张止潇没抽出手,却也说不上什么动情的话,只是中规中矩一句,“谢父皇。”
昭帝在他手背上宽慰似的轻轻几拍,又念叨几句注意修养之类的话语,便起驾回宫去了。
岑良恭送过陛下,转回寝室里,面上几许严肃。
“又让老师操心了。”张止潇知道他什么意思,垂眼说。
“你确实不太让人省心。”岑良也直说,他方才与陛下说得轻松,不过是不想让陛下多虑,谁知道他这一遭费了多少心神才把人病情稳下来的。

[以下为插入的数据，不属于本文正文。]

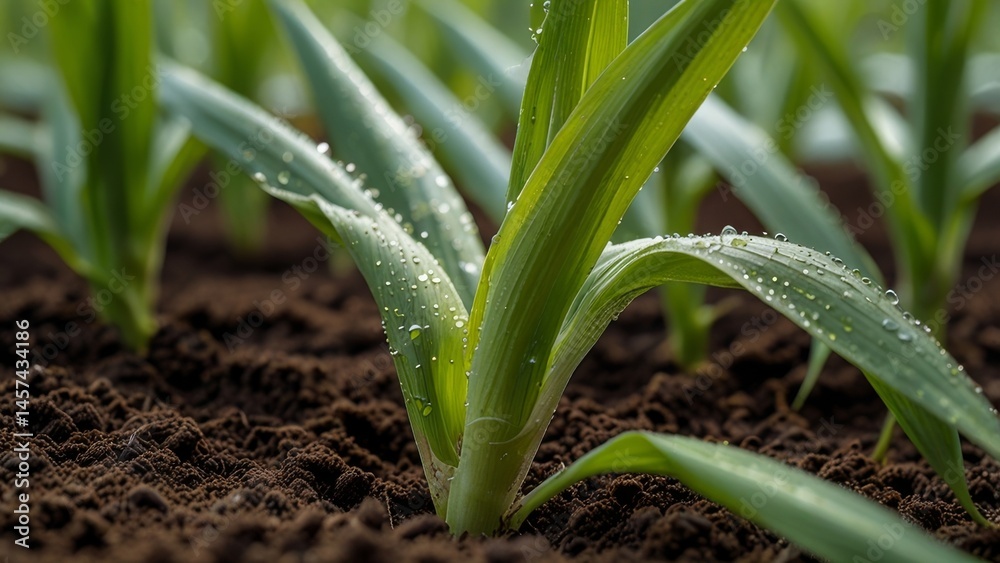 Obraz premium Young Green Seedlings with Water Droplets Growing in Rich Moist Soil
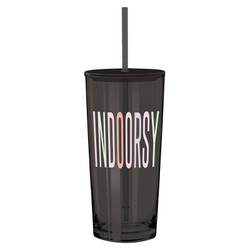 Glass Tumbler with Straw - Indoorsy - 4/cs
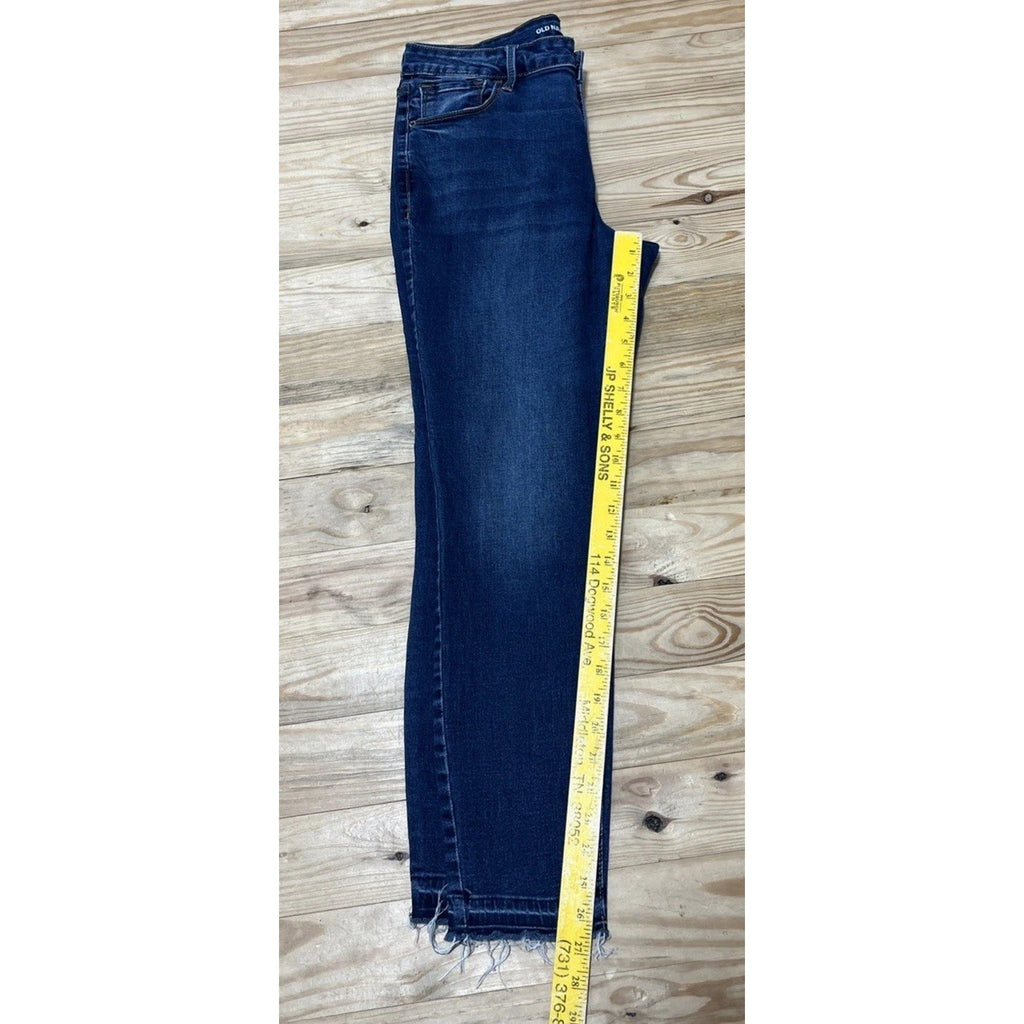 Old Navy Rockstar Super Skinny Jeans Women's 12 Blue Mid Rise 5-Pocket Raw Hem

岑良缓和神色,“不过你此番也算无心插柳,现在朝堂野下都道三皇子心怀百姓。后边少不了陛下的嘉奖,你在百官百姓中的声望,也要不同了。”
接下来几日,三皇子府来过不少慰问探视的人,多为朝中官员。有的是冲着安王的脸面来的,也不乏自发来的。就连东宫那边,也做足面上功夫,送了不少慰问礼过来。不过那些礼张止潇让管事拿去折成银子全赏下人去了。权当犒劳他们当日陪着挖了一日臭水沟。阖府上下大赞三殿下慷慨。
“三殿下御下有方,那我呢?”蒋裕手伸得老长,“我也挖了一日呢。”
张止潇拿那把“万事如意”的扇子一敲他手心,“看好你的狗,我再看见它,就炖了它。”
生辰宴时初一出了点风头,蒋裕大概是得意忘形,忘记张止潇的警告了,不止一次光明正大带着狗到处闲晃。张止潇看在那几分“功劳”睁只眼闭只眼纵容了它一阵,谁知昨日那狗竟在他睡着的时候跳到他腿上。
吓得他险拔剑砍狗。
蒋裕讪讪缩回手,呼了呼手心。余光瞅见初一晃着尾巴正从花盆那里一颠一颠地跑来,忙一闪身过去把它抱走了。
张止潇喝过药,漫无目的走在廊道中。
高树参天的院径上传来轻快的脚步声,女孩脆生生的声音远远喊着:“哥……”
张止潇闻声抬头,叶芽在转角处跳上几级台阶,进了廊道朝他跑来,直接扑进了他怀里,撞得他身子往后一倾,差点没稳住。
“安王叔叔果然没骗我,你真的在这里。”
“你把我撞疼了。”张止潇脸上浮起些许温度,笑着拉开人,仔细瞧了一番。
离开安王府后他就没再见过叶芽,算算也有几个月了。
女孩现在气色红润,看着似乎还多长了点肉,不再像根营养不良的小菜芽。再加上这身上好的绫罗,倒有几分富庶人家孩子的模样。不可否认,安王把她照料得很好。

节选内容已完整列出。